Saturday, October 31, 2015

All together now!

Isn’t it just great to get the group together?  The old saying “There is strength in numbers” still holds true, with many possible ways to understand the notion of “strength.”
Last weekend, the whole gang got together for our annual Fall Festival.  It was great to see so many people out and having fun with one another, whether while watching their kids in the cake walk, or elbow-to-elbow in the frenzy of the bingo tent.  Over in the Knights of Columbus tent, Redskins fans were even grazing peacefully together with Giants fans– that’s a real the lion shall lie down with the lamb moment!
We had very good weather this time, thank God, despite the iffy start to the day.  I know we lost some participants when we rescheduled from three weeks ago because of that hurricane.  But it was good crowd, great fun, and a splendid moment to meet the parish community for any of our neighbors who came by for the event.
Please join me in thanking those responsible for making it happen, especially Laura Irwin and Kristien Carroll who oversaw the whole thing.  Along with Lauren Draley, a chairman emerita who apparently doesn’t believe in retirement, they really pulled together a beautiful festival – and they did it twice!  Almost everything had to be changed, redone, restaffed, or reordered when we rescheduled.  All the volunteers did a super job.  Thank you so much.
This weekend, too, we are having an all-hands-on-deck gathering of a different sort.  For the Solemnity of All Saints, we bring out all of our relics of saints to be venerated on our altar.  We are privileged to have a large variety of saints represented in our collection.  From Christ’s contemporary John the Apostle to Maria Goretti of the 20th century, the gang’s all here!

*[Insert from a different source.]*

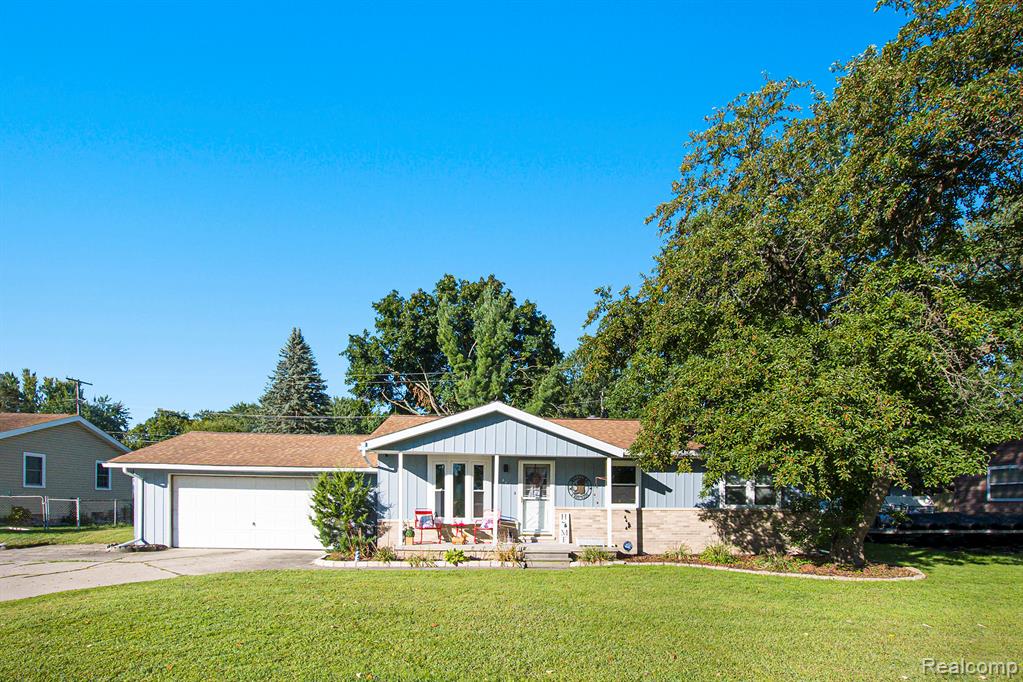477 Chicago Drive, Howell, MI 48843 — Photo 14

A relatively tiny sample of the denizens of heaven, it is nonetheless a representative sample.  Like attracts like -- Saints Vincent de Paul, Louise de Marillac, and Catherine LabourĂ© are grouped together in a “Vincentian” cluster indicating their link on earth.  But differences are also overcome:  Saints Francis of Assisi and Ignatius of Loyola, founders of radically different religious communities, now rejoice together in heaven, and their relics are side by side here in Silver Spring, too. 
Any time one of your secular or Protestant friends tries to be hip and dismissive of our care for relics of the Holy Ones, feel free to point out how relics are woven into the very fabric of our (American) culture: remember when soldiers took a lock of hair from their beloved and wore it on a chain around their neck?  More recently, how many people wait in line and pay money to visit Graceland, and touch the things of Elvis?  Heck, I bet most folks have a tool or kitchen utensil treasured because it belonged to a beloved grandparent. 
It was clear last Sunday was a good day when I saw several children weeping simply because the bouncy house was being deflated.  They did not want it to end!   And you know it is a good day when so much human evidence of Christ’s reconciling power throughout the ages is so clearly present right in front of us.  The saints are people like us, friends and fellow members of the Body of Christ.  Having shared a purpose on earth, they now share the fullness of communion in heaven.  All Saint’s Day is how we celebrate that the very best gathering never ends.
Our relics are many, but the saints are many more – a number uncountable by us, since so many are unrecognized by us.   There is strength in their numbers, and helping us to be numbered one day among them is the very best use of their strength.  Saints of God arrayed upon the altar, and future saints arranged around it:  isn’t it just great to get the group together? 
Monsignor Smith

Saturday, October 24, 2015

Shine upon them

Yesterday I picked up one of the All Souls envelopes off the table at the back of the church to prepare mine to go on the altar at the beginning of November, the month given over to remembrance of our beloved dead.  Then I pulled out my list.
The names on the list are of the deceased for whom I pray particularly and personally.  It is quite the exercise of memory and affection to read through it: all four of my grandparents; a boyhood friend who was hit by a car; a high school girlfriend; a college classmate who died in a fire when we were freshmen; college professors; priest friends and collaborators who died in the fullness of years or tragically young; and many others.  But each year brings new names to add.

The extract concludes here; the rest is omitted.